Subway Stations Become Digital Holiday Storefronts Via On the Go Kiosks

Maddie Cotterill

Just in time for the holidays, Intersection is teaming up with the New York Transit Museum, one of the city’s leading cultural institutions, to once again transform subway stations into interactive digital pop-up shops, enabling millions of daily commuters to browse and purchase transit-themed gifts via the MTA’s On the Go kiosks as they wait for trains.

Demonstration of New York Transit Museum Holiday Gift Guide on an OTG kiosk on Tue., November 22, 2016. Photo: Marc A. Hermann / MTA New York City Transit

Demonstration of New York Transit Museum Holiday Gift Guide on an OTG kiosk on Tue., November 22, 2016.
Photo: Marc A. Hermann / MTA New York City Transit

Beginning Nov. 25 and running through the holiday season, the Transit Museum Gift Guide will be live across 161 kiosks in 34 stations across New York City, including major hubs like Grand Central, Union Square, and Fulton Street. Transit customers can browse products, including apparel, collectibles, children’s toys, and more, and push a selected product to their smartphones via text message or email to seamlessly complete the purchase—all while waiting for their train. The campaign, which celebrates the museum’s 40th anniversary, is expected to reach more than two million customers daily.

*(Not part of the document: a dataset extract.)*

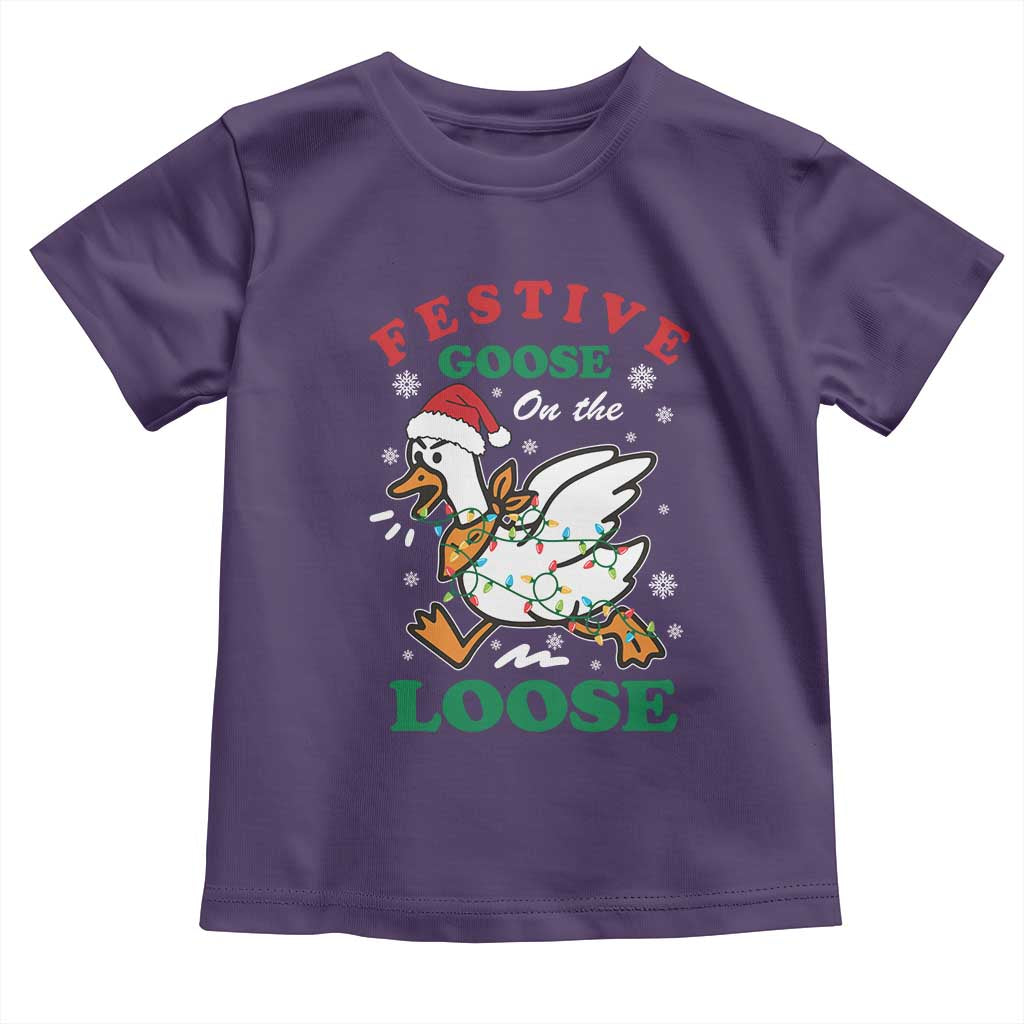 Funny Goose Christmas Toddler T Shirt Festive Goose On The Loose Xmas Holiday - Wonder Print Shop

Damian Gutierrez, Strategy Lead at Intersection told us “Engaging consumers today is about meeting them where they are. With millions of New Yorkers and visitors navigating the City during the holiday season, public transit is the perfect venue to reach them. This campaign is just another example of how innovation in advertising can drive revenue for the MTA while improving the experience for customers across the board – in this case, creating an opportunity to shop for fun transit products while actually in-transit.”

Demonstration of New York Transit Museum Holiday Gift Guide on an OTG kiosk on Tue., November 22, 2016. Photo: Marc A. Hermann / MTA New York City Transit

Demonstration of New York Transit Museum Holiday Gift Guide on an OTG kiosk on Tue., November 22, 2016.
Photo: Marc A. Hermann / MTA New York City Transit

The Transit Museum Gift Guide comes on the heels of a record-setting interactive New York Lottery campaign enabling customers to play Tic-Tac-Toe against MTA riders in other stations in real-time in a first-of-its-kind interactive ad developed by Intersection. Generating the highest engagement ever seen on Intersection’s kiosks during its two-week run, customers played more than 90,000 times, with nearly 50,000 users opting to play again after their first go.

Regina Asborno, Deputy Director of the New York Transit Museum said “This is a fantastic way to browse the Museum’s collection of gifts and choose something for that special someone. Displaying our holiday merchandise on the OTG kiosks in an interactive format brings the catalogue to life and makes that subway wait time just that more productive.”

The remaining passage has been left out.